Of course, this isn’t the first time that an OPEC meeting had analysts in a frenzy. Nevertheless, if OPEC does finally decide to cut or freeze production, it would likely result in a higher oil prices. That would be a boon for the oil companies that are most highly reliant on the price of oil.
E&P Majors Stand to Win the Most from a Freeze
The companies in the oil patch that would be the biggest beneficiaries of an OPEC move would be the exploration and production companies, or E&Ps. These are companies engaged in discovering and drilling for oil.
The reason that they would be the biggest winners from a production cut or freeze from OPEC is that they are highly tethered to the price of oil. Unlike the integrated majors like ExxonMobil (NYSE: XOM), which have large refining and chemicals businesses that do not depend entirely on commodity prices, E&P firms profit solely from the price of oil they get after they drill.
As a result, look for these three E&P dividend stocks to rally if OPEC limits output:
Oil Dividend Stocks: Occidental Petroleum (NYSE: OXY)
The decline in oil prices has weighed on Occidental Petroleum’s financial performance this year, but it offers a hefty 4.2% dividend yield. That means investors at least get paid well to be patient, and the company has enough cash flow to sustain its dividend, even at these low oil prices.
Occidental generated $3.3 billion of net cash from operating activities last year, and utilized $2.2 billion to pay cash dividends to shareholders.
Occidental could be a huge winner from higher oil prices because, unlike many others in the oil space, it has continued to increase production, even at these low prices. For example, Occidental increased total oil and gas production by 14% last year, to 652,000 barrels of oil equivalents per day.
Should oil prices rise, Occidental is likely to continue ramping up its production, as the company has considerable reserves.
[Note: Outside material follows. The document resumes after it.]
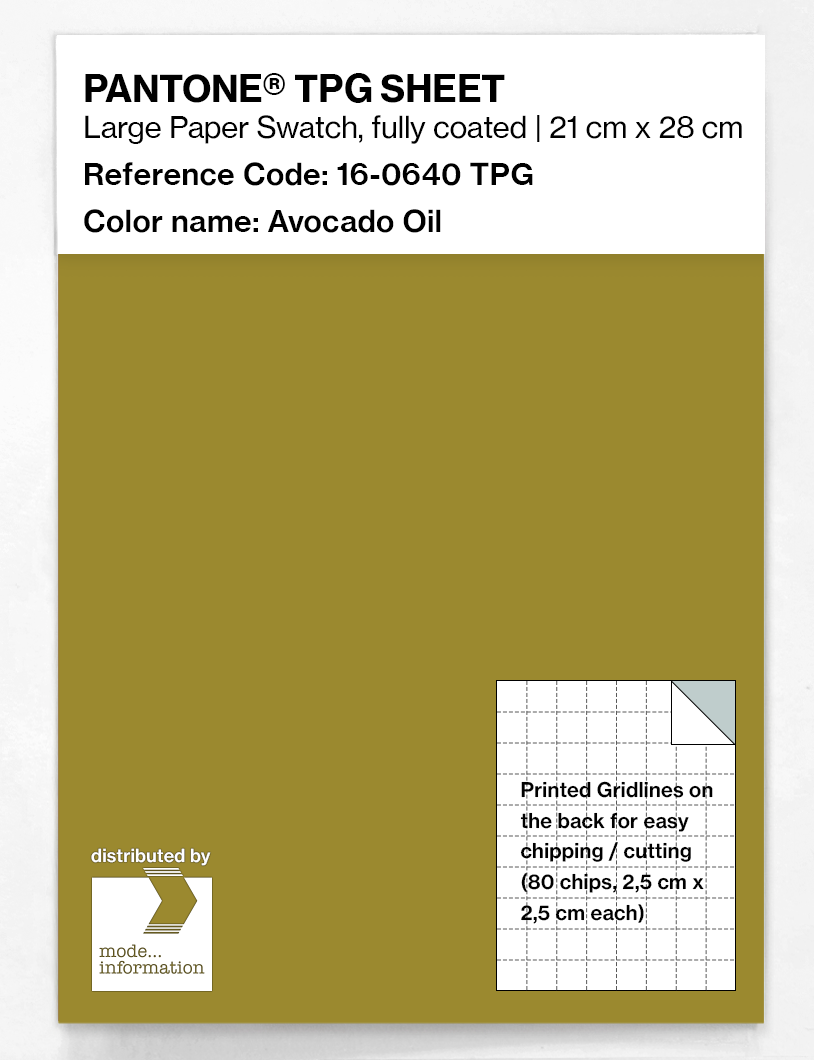 Product image 1 of the product “PANTONE® TPG SHEET 16-0640 TPG Avocado Oil ”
To begin 2016, Occidental had 2.2 billion barrels of proved oil and gas reserves, 63% of which were located in the U.S.
Oil Dividend Stocks: ConocoPhillips (NYSE: COP)
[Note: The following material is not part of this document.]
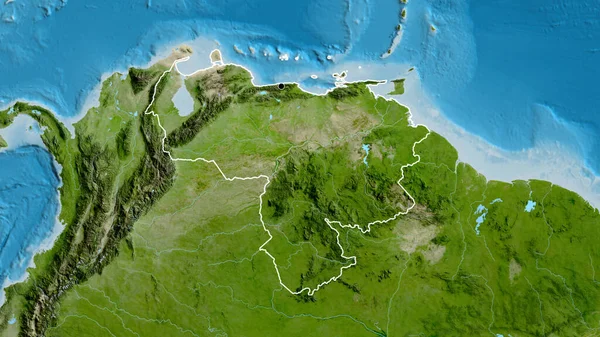 Nahaufnahme Des Venezolanischen Grenzgebiets Auf Einer Satellitenkarte Kapitalpunkt Umrisse Rund — Stockfoto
ConocoPhillips is often grouped with ExxonMobil and the other Big Oil majors, but it’s an independent E&P after spinning off its refining and midstream business in recent years. This has made it almost entirely reliant on the price of oil, for better or worse.
ConocoPhillips lost $4.4 billion in 2015, due to falling oil prices, and followed this up with a $2 billion net loss over the first six months of 2016.
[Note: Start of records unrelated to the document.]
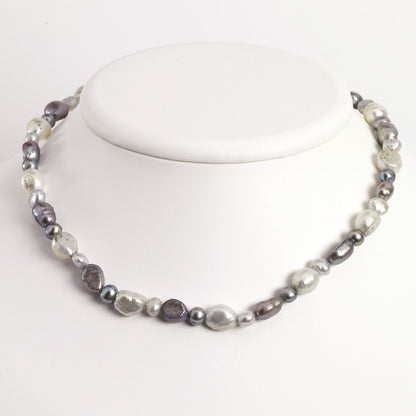 Sterling Silver White And Grey Fw Cultured Pearl Necklace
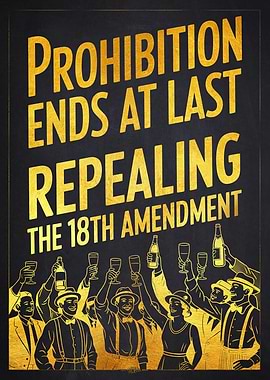 1933 Prohibition Repeal Celebration Poster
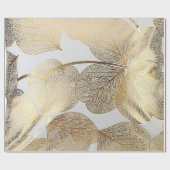 Gold Leaf Print Vakantie inpakpapier (Vlak)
Because of this, ConocoPhillips cut its dividend this year to preserve cash, but it still offers investors a solid 2.5% dividend yield, and the chance for dividend growth going forward if oil prices rise. The company states in its investor presentations that its earnings fluctuate $100 million to $120 million for every $1 change in the price of Brent crude, and another $30 million to $40 million for every $1 change in the price of WTI crude.
As a result, if each oil benchmark rises approximately $10 to $50 per barrel for example, it would theoretically add as much as $1.6 billion to ConocoPhillips’ bottom line.
Oil Dividend Stocks: EOG Resources (NYSE: EOG)
EOG’s dividend yield isn’t as high as its industry peers; the stock yields 0.7%. The company chooses to reinvest more of its cash flow back into purchasing new oil acreage. This strategy has provided the company with a strong footprint in some of the premier oil fields in the U.S.
EOG is a major player in the Permian Basin and Eagle Ford shale.
And, like Occidental, EOG has really ramped up production in recent years. In fact, its total annual crude oil and condensate production has increased 80% since 2012.
As a result, EOG could be the best growth pick of the three, if and when OPEC limits output.